[Image-caption web data]
=== Begin Enclosure ===

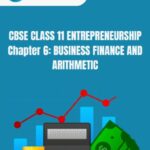 CBSE Class 11 Entrepreneurship Business Finance And Arithmetic Notes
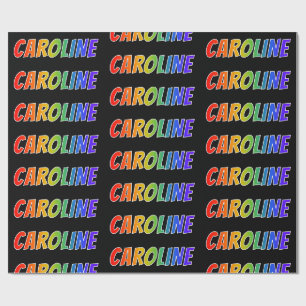 Papel De Presente Nome próprio do arco-íris "CAROLINE"; Divertido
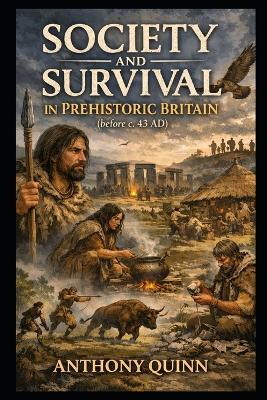 Society and Survival in Prehistoric Britain (before c. 43 AD) - Anthony Quinn - cover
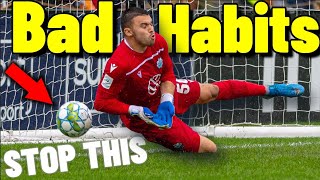 BAD GOALKEEPING HABITS TO GET RID OFF  Goalkeeper Tips & Tutorials  How To Be A Better Goalkeeper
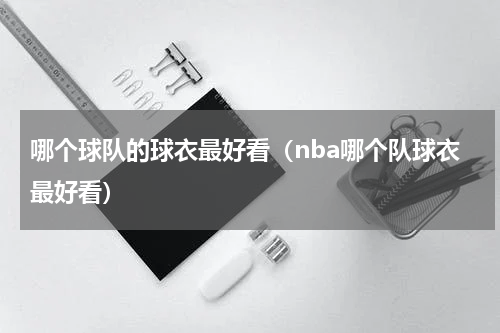 哪个球队的球衣最好看（nba哪个队球衣最好看）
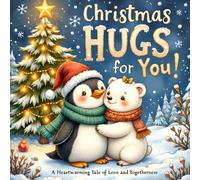 Christmas Hugs for You!: A Heartwarming Tale of Love and Togetherness (The Imagination Builders Activity Book Series)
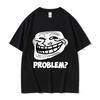 Мемы Troll Face Злой Мужчина Проблема Смешной Мем Футболки Мужские Ретро Высокое Качество Модная Футболка Унисекс 100% Хлопок Оверсайз Футболки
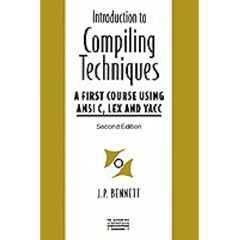 Introduction to Compiling Techniques: First Course Using ANSI C, LEX and YACC (The McGraw-Hill international series in software engineering)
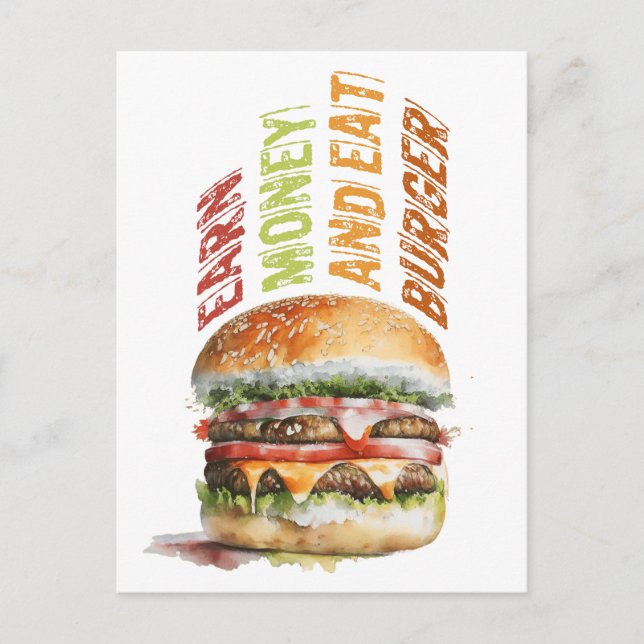 Earn Money And Eat Burger, Humourous Burger Design Postcard (Front)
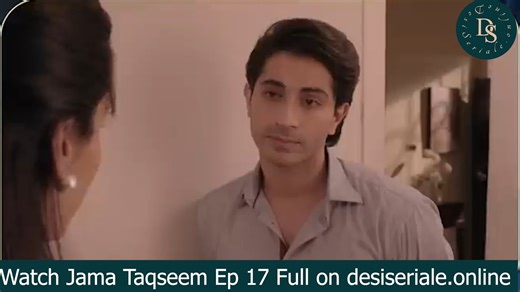 Jama Taqseem Episode 17 Jama Taqseem Episode 17 on Hum TV in high quality 5th November 2025, Hum TV drama Jama Taqseem Episode 17 telecast on 5th November 2025, Watch latest episodes of Jama Taqseem. Watch Jama Taqseem Episode 17 Full Here: https://desiseriale.online/jama-taqseem-episode-17/ #humtvpakistanofficial #HUMTV #humtvdrama #humtvdramas #pakistanidrama #pakistanidramas #JamaTaqseem #jamataqseemdrama #pakistanidramaserial | Desi Seriale
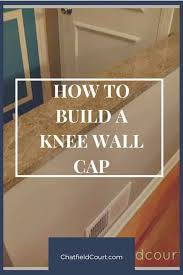 1200 x 1600 jpeg 246 кб. How To Build A Knee Wall Cap Diy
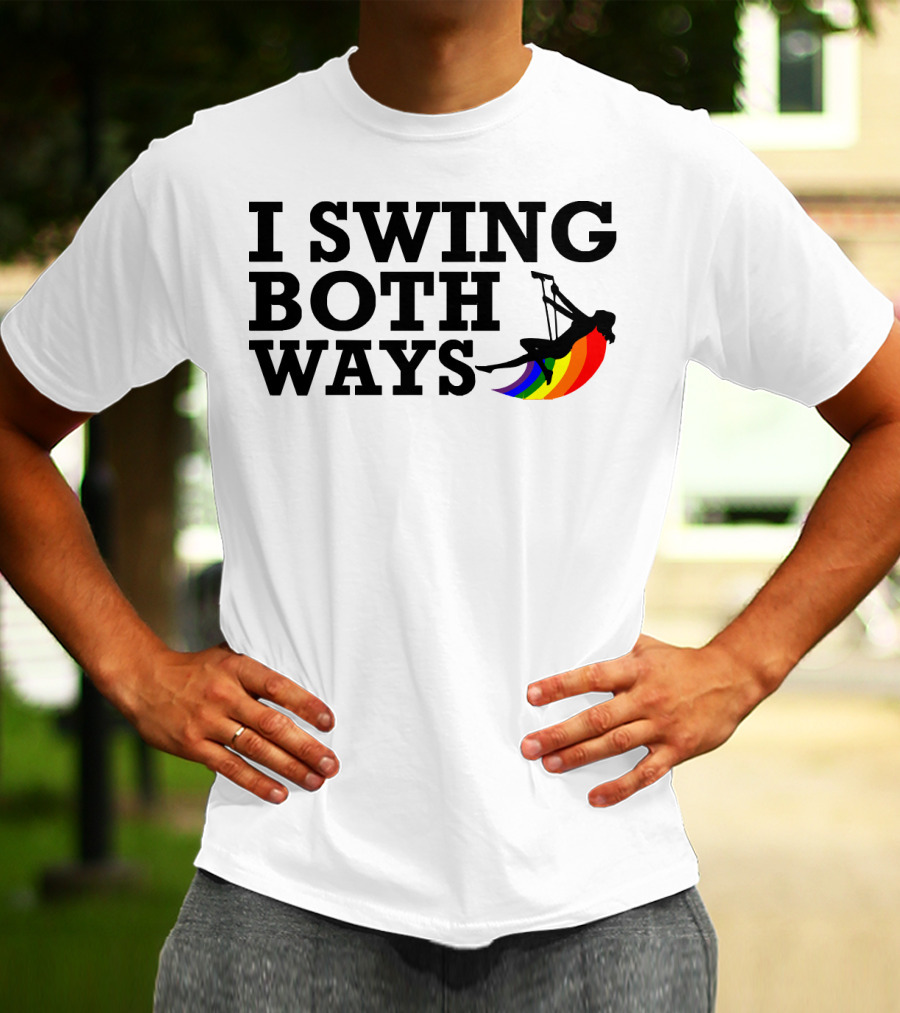 I Swing Both Ways Funny Gay Pride Rainbow Swing T-Shirt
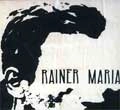 RAINER MARIA / レイナー・マリア / CATASTROPHE KEEPS US TOGETHER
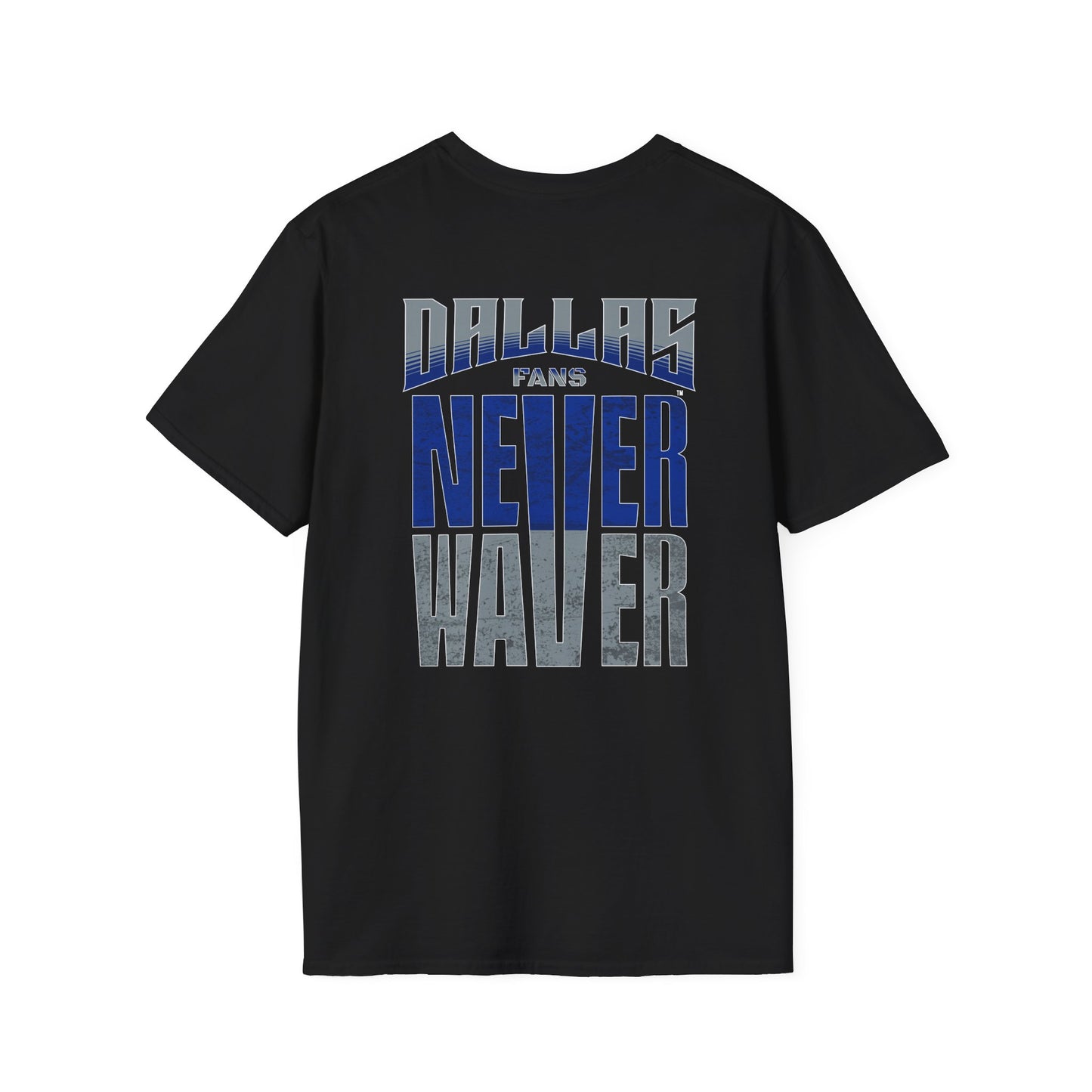 Dallas Fans Never Waver Unisex Softstyle T-Shirt - Never Waver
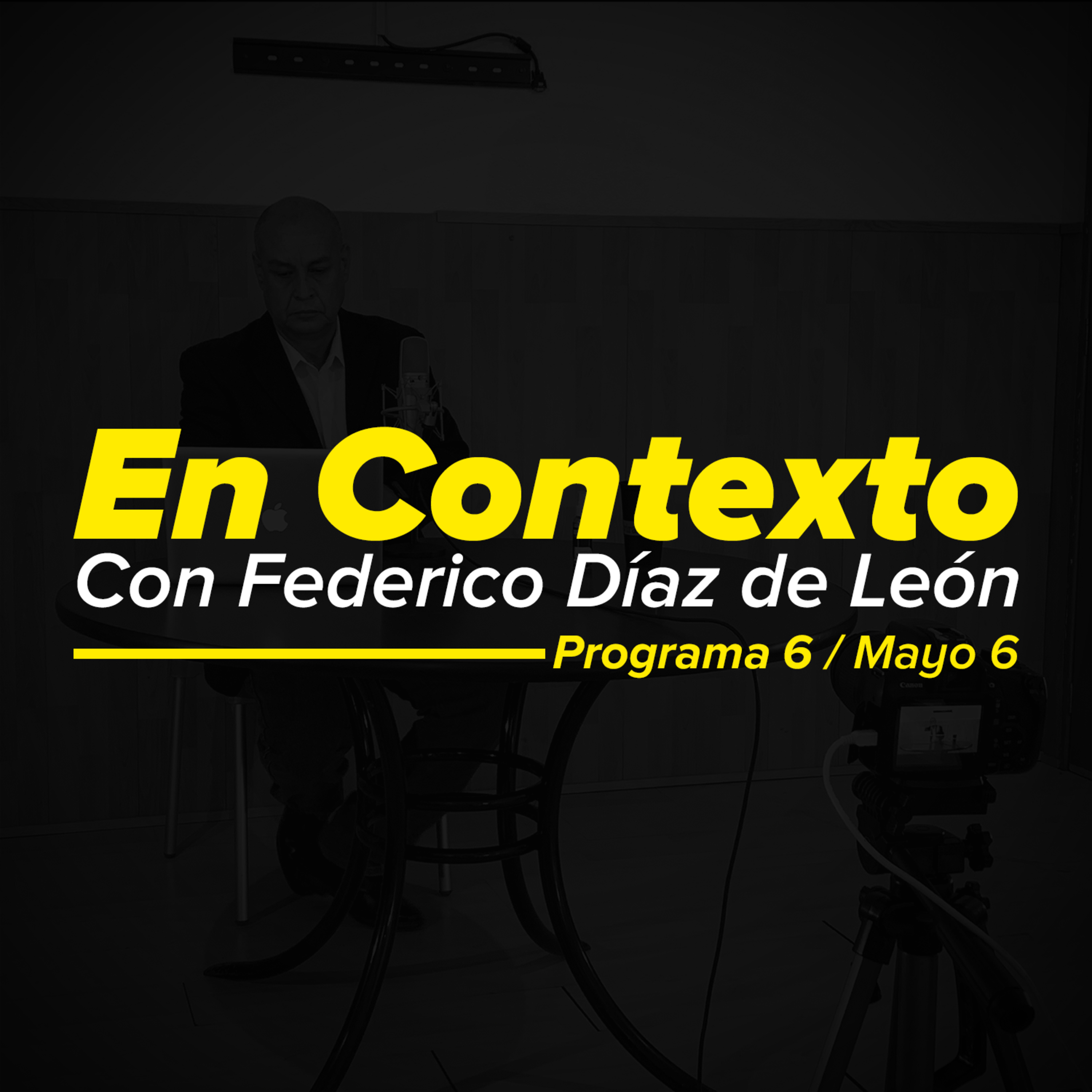 En Contexto Mayo 6. episode artwork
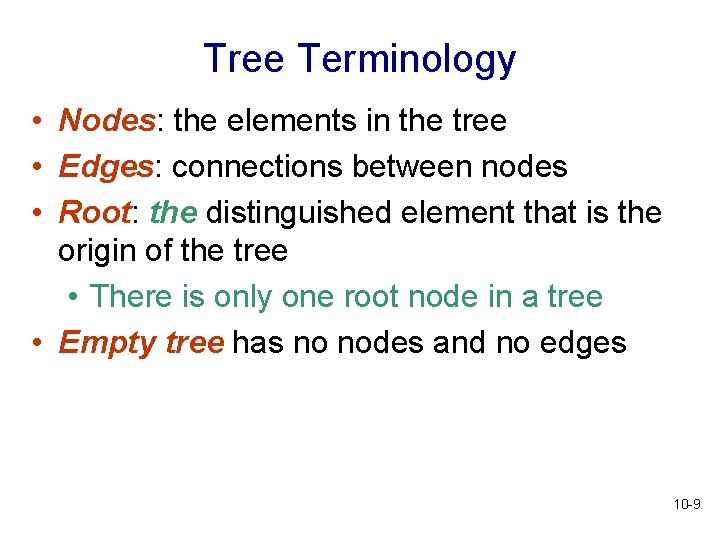 Tree Terminology • Nodes: the elements in the tree • Edges: connections between nodes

=== End Enclosure ===

Task »
Could you repeat exactly the lines from the one containing "哪个球队的球衣最好看（nba哪个队球衣最好看）" through the last line of the records, both included, without the pictures?

Written solution »
 哪个球队的球衣最好看（nba哪个队球衣最好看）
 Christmas Hugs for You!: A Heartwarming Tale of Love and Togetherness (The Imagination Builders Activity Book Series)
 Мемы Troll Face Злой Мужчина Проблема Смешной Мем Футболки Мужские Ретро Высокое Качество Модная Футболка Унисекс 100% Хлопок Оверсайз Футболки
 Introduction to Compiling Techniques: First Course Using ANSI C, LEX and YACC (The McGraw-Hill international series in software engineering)
 Earn Money And Eat Burger, Humourous Burger Design Postcard (Front)
 Jama Taqseem Episode 17 Jama Taqseem Episode 17 on Hum TV in high quality 5th November 2025, Hum TV drama Jama Taqseem Episode 17 telecast on 5th November 2025, Watch latest episodes of Jama Taqseem. Watch Jama Taqseem Episode 17 Full Here: https://desiseriale.online/jama-taqseem-episode-17/ #humtvpakistanofficial #HUMTV #humtvdrama #humtvdramas #pakistanidrama #pakistanidramas #JamaTaqseem #jamataqseemdrama #pakistanidramaserial | Desi Seriale
 1200 x 1600 jpeg 246 кб. How To Build A Knee Wall Cap Diy
 I Swing Both Ways Funny Gay Pride Rainbow Swing T-Shirt
 RAINER MARIA / レイナー・マリア / CATASTROPHE KEEPS US TOGETHER
 Dallas Fans Never Waver Unisex Softstyle T-Shirt - Never Waver
 En Contexto Mayo 6. episode artwork
 Tree Terminology • Nodes: the elements in the tree • Edges: connections between nodes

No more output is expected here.